The ATO has flagged that their crypto team is expanding next year, with a substantially bigger budget. But the capability gap on onchain data remains. Regardless, the blockchain itself is a permanent record, which is why simply not declaring onchain activity is a strategy with a very long tail of risk as the ATO’s capabilities will eventually catch up.

The “Ten Men at the Pub” and Australia’s Tax Reform Problem

One of the highlights of the episode was Harrison’s retelling of the classic ten-men-at-the-pub tax anecdote, used to illustrate how tax reform actually plays out in Australia. Ten men buy beers. The wealthiest pays the lion’s share. When prices drop, the wealthy man saves the most in absolute terms, which sparks outrage from everyone else. Eventually, the wealthy man stops coming – leaving everyone else to cover a larger share of the bill.

“And that’s kind of the cycle that we go through. We put a lot of tax on stuff and then the people with movable assets will just go. Even if they pay an exit tax, they will just go. The only ones we keep is mining, oil, gas, and houses.” ⏱ 1:09:21 – Harrison Dell, Cadena Legal

Harrison’s broader point: Australia has not had genuine tax reform since the GST in the late 1990s. Everything since has been tweaking the edges. The result is a system where the easiest taxable base (high-income PAYG earners, particularly doctors and professionals) carries an outsized load, while genuine wealth, which is harder to tax, sits in structures that the system was never coherently designed for.

The 50% CGT Discount and What the Budget Might Bring

This conversation was recorded pre-budget, and at the time there was active speculation that Treasury was considering changes to the 50% CGT discount. Harrison’s view on the speculation cycle was sharp.

“These are intentional leaks because we are the focus group. They look at the public response.” ⏱ 1:17:40 – Harrison Dell, Cadena Legal

Treasury models everything. The Parliamentary Budget Office costs every conceivable scenario. Leaks to outlets like the AFR are a way of testing public reaction before committing. By the time it lands in the budget, the political team has already seen enough sentiment data to make the call.

The Tax On Chain team has fielded plenty of panicked emails from clients asking whether to restructure now. The answer in almost every case: don’t act based on whispers. Decisions on structural changes should be based on actual policy, not speculation.

Black Sheep: Building Stablecoin Payment Infrastructure

Harrison’s second business is Black Sheep, a stablecoin payments platform. Think Airwallex or Wise, but with the ability to send and receive stablecoin payments alongside traditional fiat FX.

The product is not really aimed at retail. It is built for businesses with cross-border payment needs, particularly importers and exporters in Asia-Pacific where suppliers increasingly prefer USDT for fast settlement.

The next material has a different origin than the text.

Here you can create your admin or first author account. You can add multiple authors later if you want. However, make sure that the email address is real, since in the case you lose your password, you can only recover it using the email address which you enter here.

“If my supplier from China or Hong Kong or Singapore says, we need USD in the account before we’ll open the containers for you, and you have to send it by Swift, that’s going to take T plus 2, T plus 3, maybe longer. But if it’s AUD to USDT, we collect the AUD, swap it immediately into USDT, and it’s gone in 30 minutes or less.” ⏱ 1:23:32 – Harrison Dell, Cadena Legal

Harrison was direct about what stablecoins are actually useful for. They are not a holding asset. They are a payment and FX tool. Their value is in moving money across borders quickly, particularly into corridors that traditional banking treats as exotic.

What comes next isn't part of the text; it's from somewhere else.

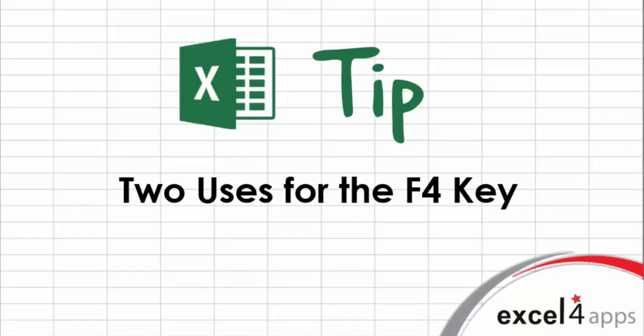You may be familiar with using the F4 key to add dollar signs into a formula, making the reference absolute, mixed, or relative. Did you know you can also use F4 to repeat the last command?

He was equally direct about Australian stablecoins. AUDF, in his view, is the most useful of the new entrants, primarily because it offers genuine one-to-one minting and burning with no fees, and the issuer (Forte) has real FX liquidity behind it. But the use case for AUDF is wholesale and operational, not retail accumulation.

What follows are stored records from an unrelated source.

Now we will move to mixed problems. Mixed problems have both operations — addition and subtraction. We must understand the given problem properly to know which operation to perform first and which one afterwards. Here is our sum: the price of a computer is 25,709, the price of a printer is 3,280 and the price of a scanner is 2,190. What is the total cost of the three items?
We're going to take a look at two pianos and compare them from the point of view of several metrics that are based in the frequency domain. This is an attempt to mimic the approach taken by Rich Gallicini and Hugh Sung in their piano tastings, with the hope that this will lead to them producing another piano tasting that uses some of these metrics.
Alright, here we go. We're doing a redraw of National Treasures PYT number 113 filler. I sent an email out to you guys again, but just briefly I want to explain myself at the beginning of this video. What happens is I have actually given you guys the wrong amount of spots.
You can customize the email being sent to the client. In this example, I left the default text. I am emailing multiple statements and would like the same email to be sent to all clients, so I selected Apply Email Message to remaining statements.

“The best use of an AUD stablecoin is to sell it for a USD stablecoin. Which really says the purpose of these stablecoins is for payments, not trading.” ⏱ 1:28:14 – Harrison Dell, Cadena Legal

The Future of Stablecoins as Invisible Infrastructure

Looking forward, Harrison expects stablecoins to follow the same trajectory as wallets: invisible infrastructure powering things people use every day, without those users ever needing to know they are signing blockchain transactions.

Embedded wallets, social sign-on, pass-key based custody, and account abstraction have already made the seed-phrase-on-a-metal-plate model feel dated. The next layer is institutional adoption of stablecoin rails for cross-border settlement, with banks and incumbent payment networks building on top rather than being displaced by them.

Ripple has pivoted hard into cross-border payments and is, like Black Sheep, network-agnostic on the underlying stablecoin. Circle’s Payment Network is doing similar work. None of them are betting on a single winning stablecoin. They are betting on the infrastructure to move between them.

Africa: The Next Growth Frontier

One of the more interesting tangents was on why Black Sheep is targeting Africa next.

“Africa is sort of like how Latin America was three, four, five years ago when they just had this economic boom and the middle class grew massively.” ⏱ 1:35:30 – Harrison Dell, Cadena Legal

The thesis: African countries do not love their own currencies (hyperinflation, weak central bank credibility, FX restrictions), local engineering talent is being increasingly paid through global remote work, and stablecoins are already the default payment rail for that workforce. A platform that can collect local currencies and pay out in USDT serves a market that is growing faster than most of the rest of the world.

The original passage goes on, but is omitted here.